Zu den Kritikern des Single-Sign-On gehört Dr. Magnus Harlander, Geschäftsführer der Genua GmbH, Kirchheim, einem der wenigen deutschen Hersteller von Firewalls: „Es kann nicht sein, dass ein Hacker mit einem Passwort bis zu den sensibelsten Daten durchmarschiert. Deshalb ist es notwendig, Daten und Systeme in unterschiedliche Sicherheitsklassen zu unterteilen, für die dann jeweils unterschiedliche Autorisierungsschemata gelten.“
Das sorgt zwangsläufig für Unruhe bei den Mitarbeitern. Die Kirchheimer halten mit Aufklärung dagegen. „Wenn man dem Anwender das Problem nicht klarmacht, dann wird er auch nicht einsehen, warum er etwas dagegen tun muss“, erklärt der Manager. Genua schaltet zwei Firewalls nacheinander, die mit unterschiedlichen Filtertechniken arbeiten. Laut Harlander muss man „immer damit rechnen, dass ein System ausfällt oder nicht optimal arbeitet. Ohne zweite Barriere hat man ein offenes Scheunentor“.

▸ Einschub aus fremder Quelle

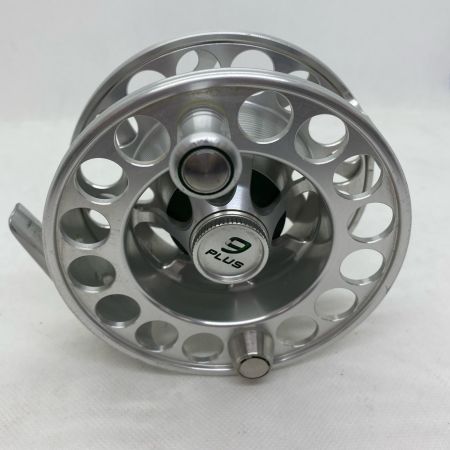 ΨΨ HATCH リール　フライリール　HATCH パルス 9PLUS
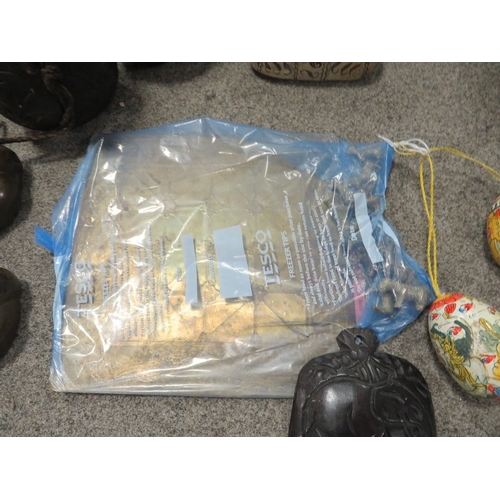 129 - A tray of assorted Tribal art style figures and carvings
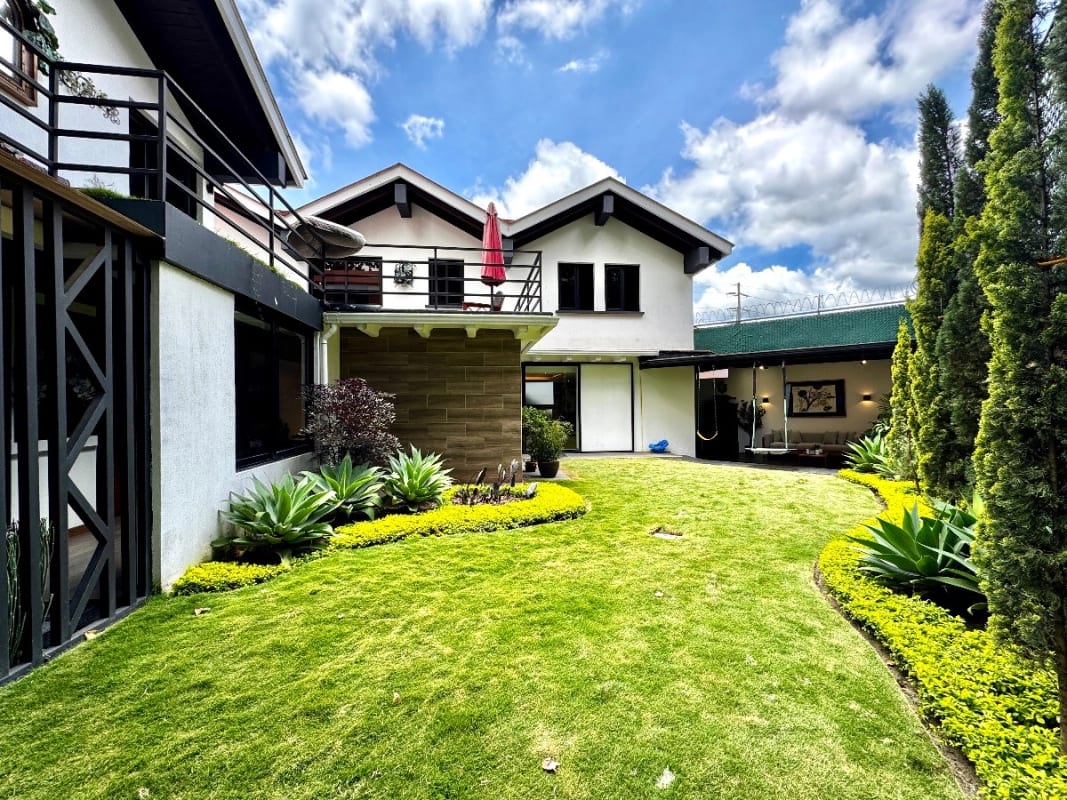Casa exclusiva en alquiler en zona 10 – Ideal para embajada, family office u oficina privada de alto nivel — foto 13 de 16
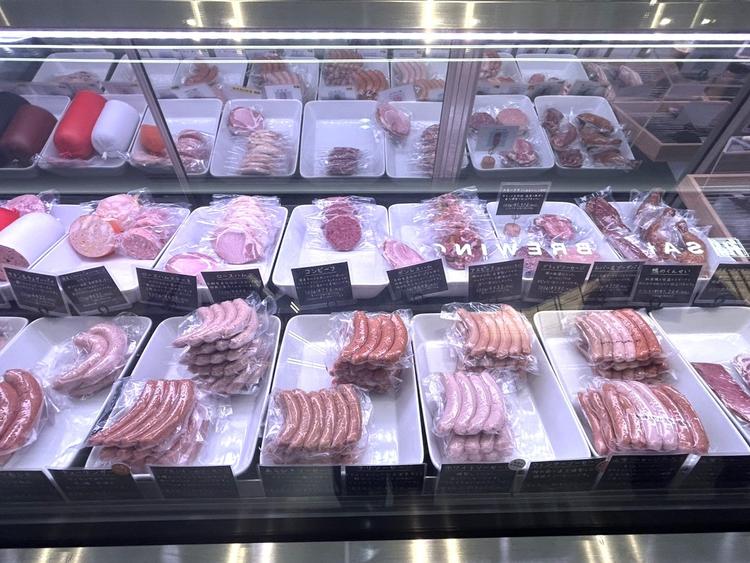 物販エリアではハムやソーセージの販売も！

Eine komplette Firewall-Lösung um die 2500 Euro bietet die Allied Telesyn International GmbH. Das Berliner Unternehmen bietet seinen Kunden eine deutliche Absicherung der Remote-Zugänge zum Firmennetz. Sehr schnelle Router prüfen, ob eingehende Daten mit dem korrespondieren, was von autorisierter Seite abgefragt wurde. Sollte das nicht der Fall sein, wird sofort geblockt.